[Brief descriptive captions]
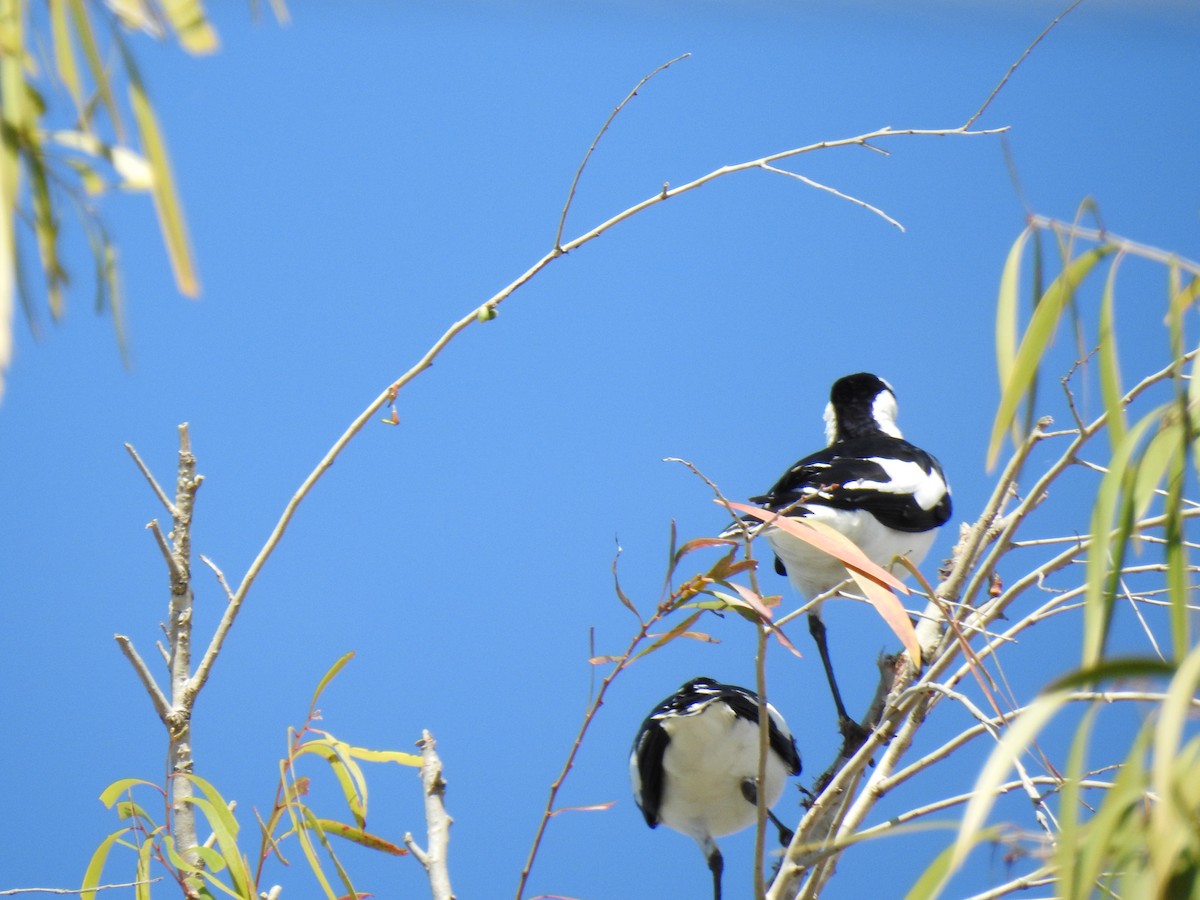 Magpie-lark - ML620591918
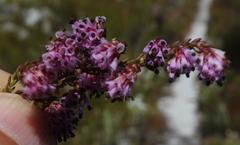 Erica labialis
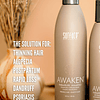 Shampoo terapéutico Surface Hair Awaken, 10 onzas líquidas O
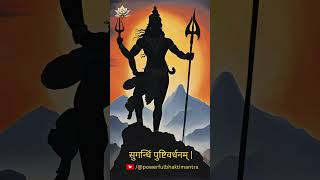 Most Powerful Mantra Of Lord Shiva  Maha Mrityunjaya Mantra powerfulmantra shorts [upl. by Alber]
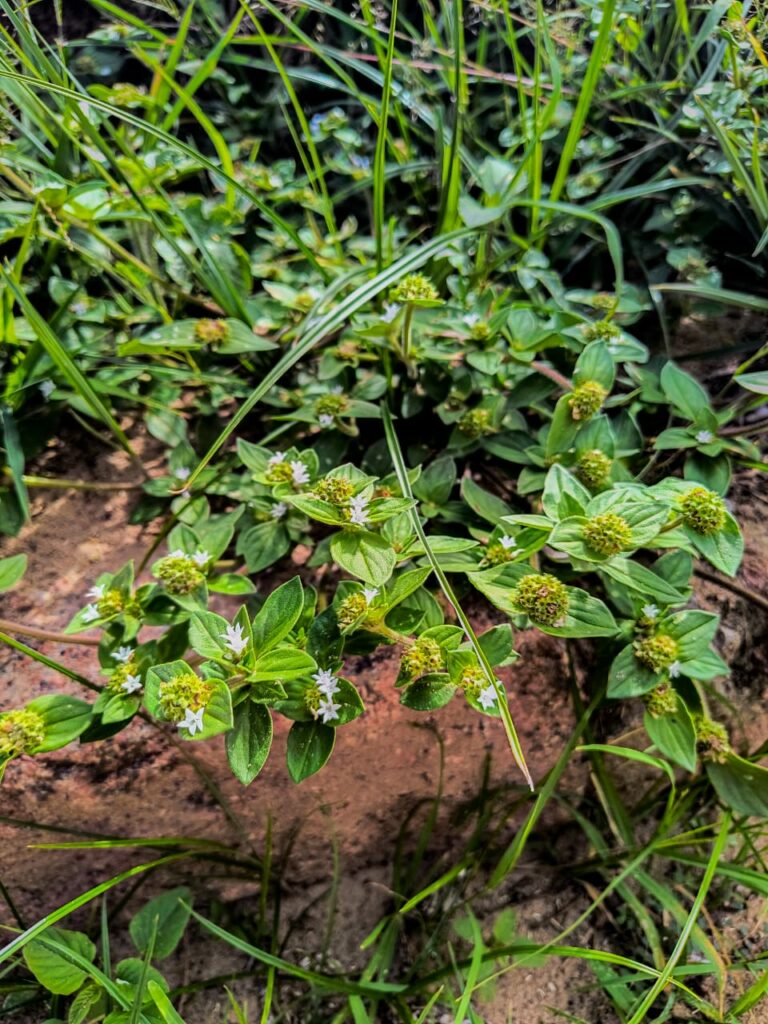 Ervas de Exú na Quimbanda Gaúcha | poaia-branca (Richardia brasiliensis)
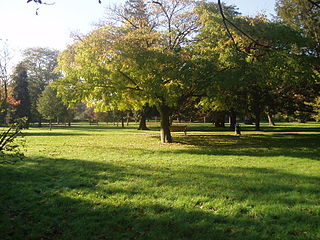 <span class="mw-page-title-main">Hampton Court Park</span> Park in South London, England, UK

__Exercise brief__:
Only the lines from the one containing "Shampoo terapéutico Surface" through the last line of the entries above belong in the copy; reproduce them exactly and drop every picture.

__Expected answer__:
 Shampoo terapéutico Surface Hair Awaken, 10 onzas líquidas O
 Most Powerful Mantra Of Lord Shiva  Maha Mrityunjaya Mantra powerfulmantra shorts [upl. by Alber]
 Ervas de Exú na Quimbanda Gaúcha | poaia-branca (Richardia brasiliensis)
 <span class="mw-page-title-main">Hampton Court Park</span> Park in South London, England, UK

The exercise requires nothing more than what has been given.